Comment réussiront-ils maintenant à rejoindre qui que ce soit lorsque notre environnement médiatique est si mal en point? Les indicateurs de vitalité de courriers de lecteurs, de rétroactions web et de niveaux d’activités sur les médias sociaux demeurent anémiques sinon inexistants à ce jour. L’annonce du sondage sur les médias sociaux, la dernière chance de ratissage franco, a généré tout autant d’intérêt, i.e. zilch. Comment pensent-ils *véritablement* rejoindre des gens qui ont abandonné depuis longtemps leurs médias francophones? Ne savent-ils pas déjà à partir des statistiques du web que des contenus bonbons ne nourrissent pas, que des contenus doivent nous engager lorsque tort nous est causé ou encore des contenus imbuvables ne devraient pas nous être présentés comme des exemples à suivre, peu importe le copinage. L’humoriste québécois Marc Labrèche ne s’est certes pas gêné pour signaler le navet TV de “C’est ça la vie”. Nos médias n’ont pas même été capables de relever le délire de projet d’une télévision francophone pan-canadienne proposée par “La Fondation canadienne pour le dialogue des cultures” pour consacrer nos retards et ainsi continuer à ignorer la dysfonctialité choquante entre Radio-Canada et CBC, pour les moindrement métissés anglo/franco. Faut-il s’étonner de la part de gens qui ne sont toujours pas branchés en 2010 qu’une “Ottawa-isation” des nouvelles, affaires publiques et autres contenus maintenant que sa Montréalisation semble désamorcée: la revue de presse “nationale”, les “Carnets de Christian”, et le toujours imbuvable “C’est ça la vie” sur un médium … mort.
Grosso modo, s’approprier tous les nouveaux budgets sous de belles intentions, ce que la même gang fait depuis une éternité avec les “Rendez-vous de la Francophonie”, la tournée du Francodome lors du 400ième de Québec, ou plus récemment sur le Centre de la Francophonie des Jeux Olympiques.
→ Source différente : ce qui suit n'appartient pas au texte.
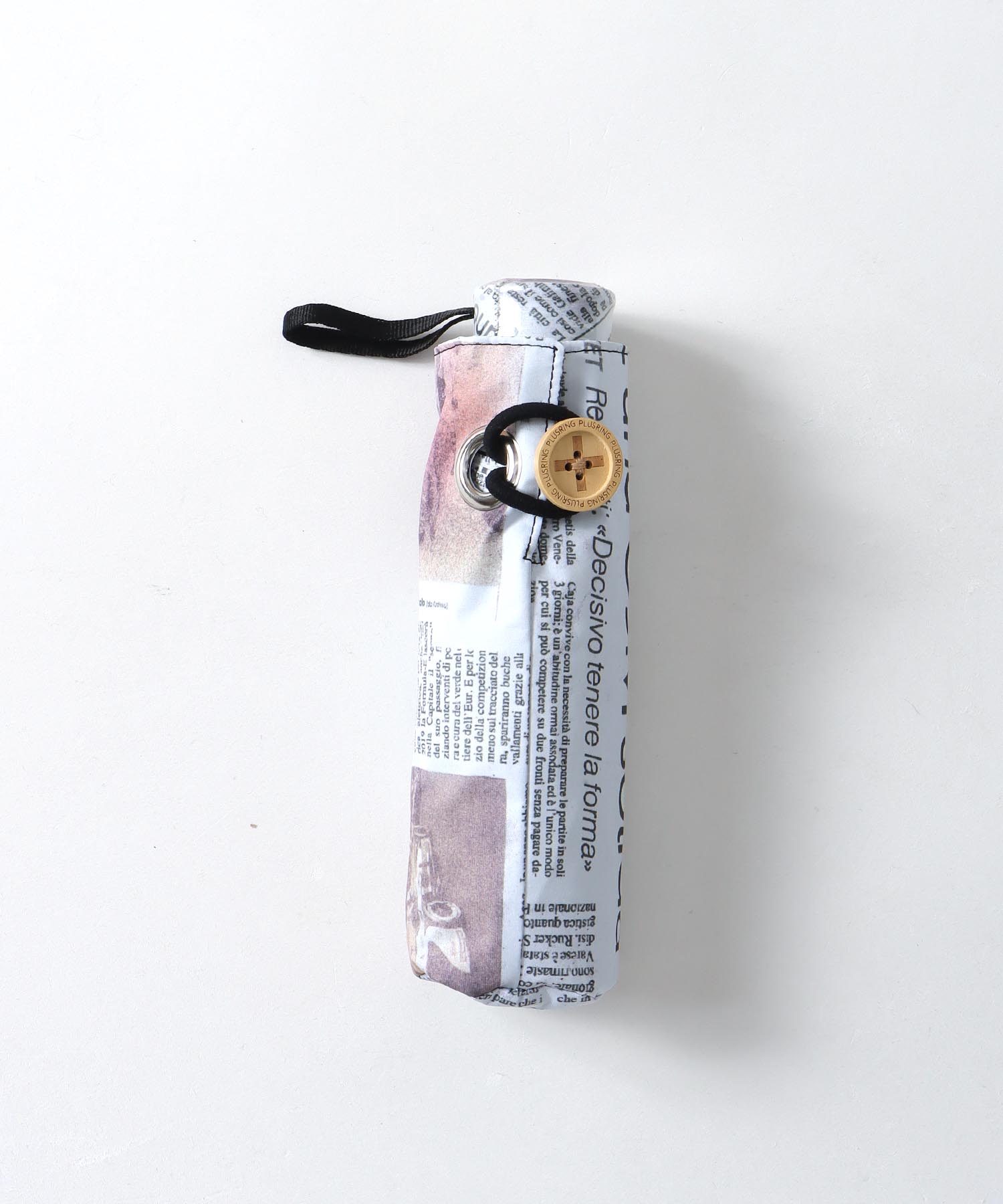 【+RING/プラスリング】ニュースペーパー柄 1級遮光折畳傘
Quelques miettes sont laissées en régions dans le dernier cercle de copinage. Faut-il s’étonner que nos fédérations de médias communautaires désirent maintenant tenir et contrôler un sondage plutôt que d’engager un véritable dialogue avec les éléments les plus motivés de ce qui reste de sa base utilisant la recette pourtant bien démontrée des médias sociaux? Qu’est-ce que la firme québécoise de sondage Léger Marketing peut bien y faire, autrement que prétendre que tout va bien dans le meilleur des mondes et encaisser le chèque comme tous les autres, bien qu’il n’y ait plus personne vraiment là.